## About this task
For this task, extract exactly the lines of the data below, from the line containing "Joseph Stalin Quotes: Revolution, the" through the last one, with pictures left out.

[Opening Raw data section]

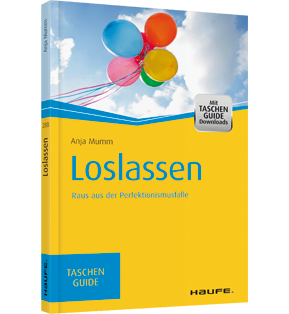 Loslassen - Raus aus der Perfektionismusfalle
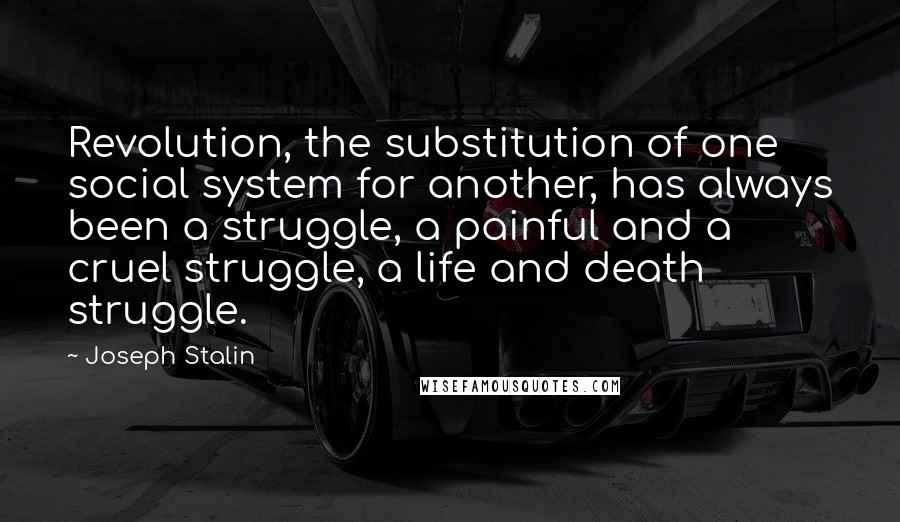 Joseph Stalin Quotes: Revolution, the substitution of one social system for another, has always been a struggle, a painful and a cruel struggle, a life and death struggle.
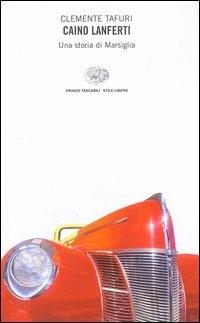 Caino Lanferti. Una storia di Marsiglia - Clemente Tafuri - Libro Einaudi 2003, Einaudi. Stile libero | Libraccio.it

[Closing Raw data section]

## Output of the exercise
 Joseph Stalin Quotes: Revolution, the substitution of one social system for another, has always been a struggle, a painful and a cruel struggle, a life and death struggle.
 Caino Lanferti. Una storia di Marsiglia - Clemente Tafuri - Libro Einaudi 2003, Einaudi. Stile libero | Libraccio.it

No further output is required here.